At the time, one-room schools were found across the region and with more people living in the community, many of those schools were not able to continue to operate due to declining enrolment.
At a meeting held by the Vermilion Board of Trustees, it was decided that there would be a savings of $3,000 to $4,500 in teaching costs by closing two schools.
As well, heavy taxes were causing an increased cost in the maintenance of the public and high schools of Vermilion.
Vermilion had built a new school building on the south side of town. There was also a school on the west end of town. This new change closed the south and west schools and put all the students in the community in the public school building in the east end of the town.
One of the rooms in the school would be divided into two for the purpose of serving as a high school. One of the teachers lost their job, and a Janet Dick resigned from staff, and her position was not going to be filled.
With those two teachers gone, and the janitorial service for the two schools gone, and the rent decreased, the school was hoping to save quite a bit.

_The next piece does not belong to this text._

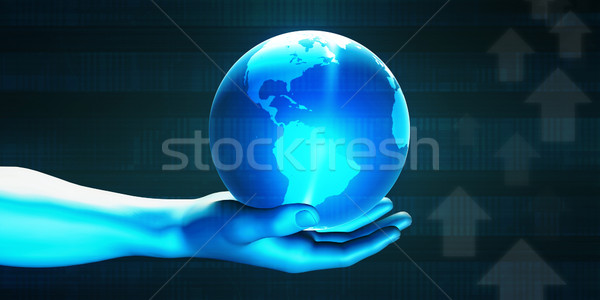 Globális technológia digitális absztrakt üzlet földgömb Stock fotó © kentoh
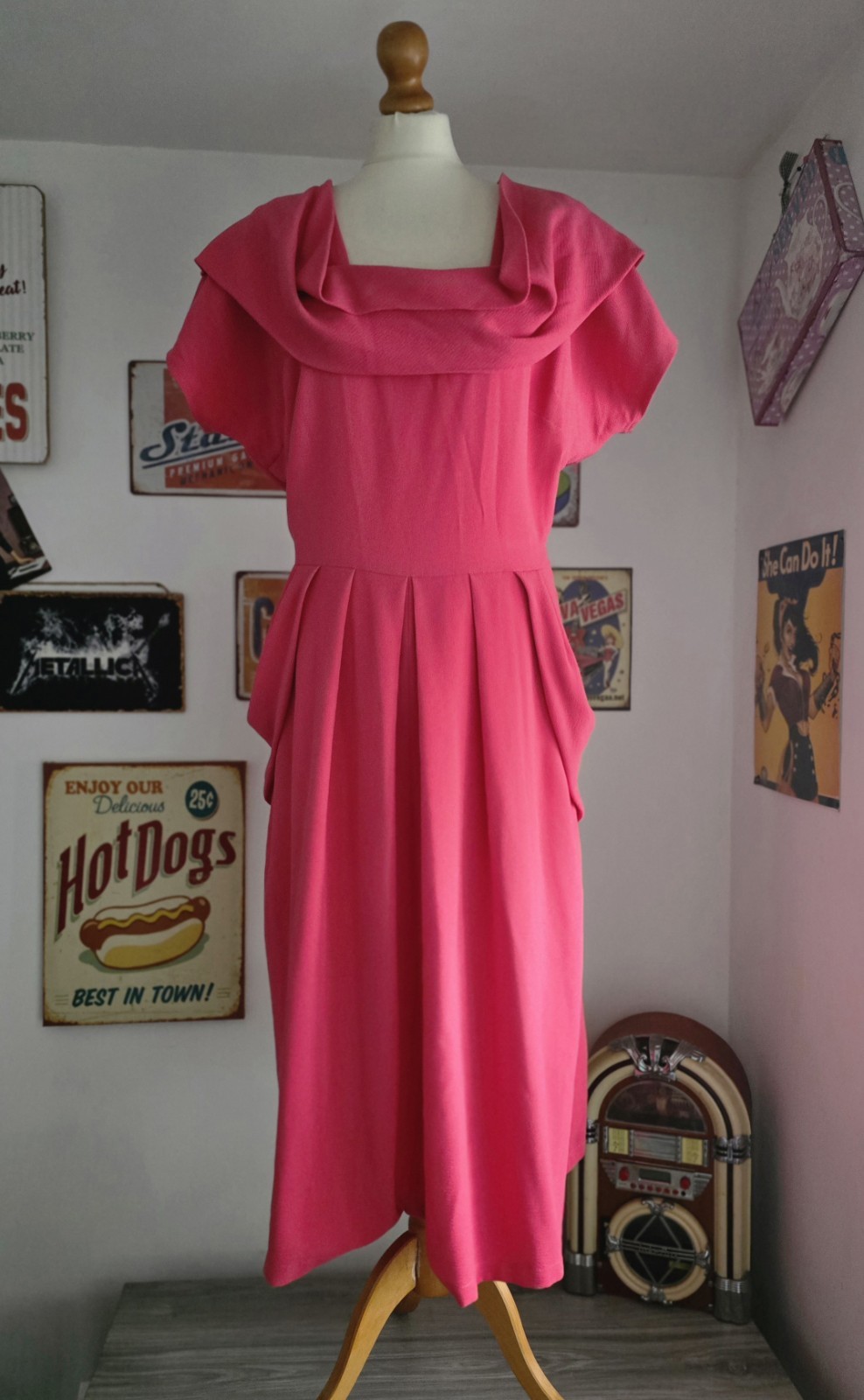 Vivien of Holloway Lana 194s Day Dress Geranium Pink VOH 22 UK 18-20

The change went into effect over the Christmas holidays, and was not welcomed by everyone in the community. Those on the south and west ends of town now had to get their children to the east end for school.
Of course, that was not the only thing decided in Vermilion during the Christmas season.
Town council decided it would test its Domestic Animals ordinance after the New Year arrived. A case arose after W.R. Hayward was fined for leading his sheep herd through town and allowing them to grace on unfenced piece of property. The new town law labelled any sheep found grazing on unfenced lands as running at large.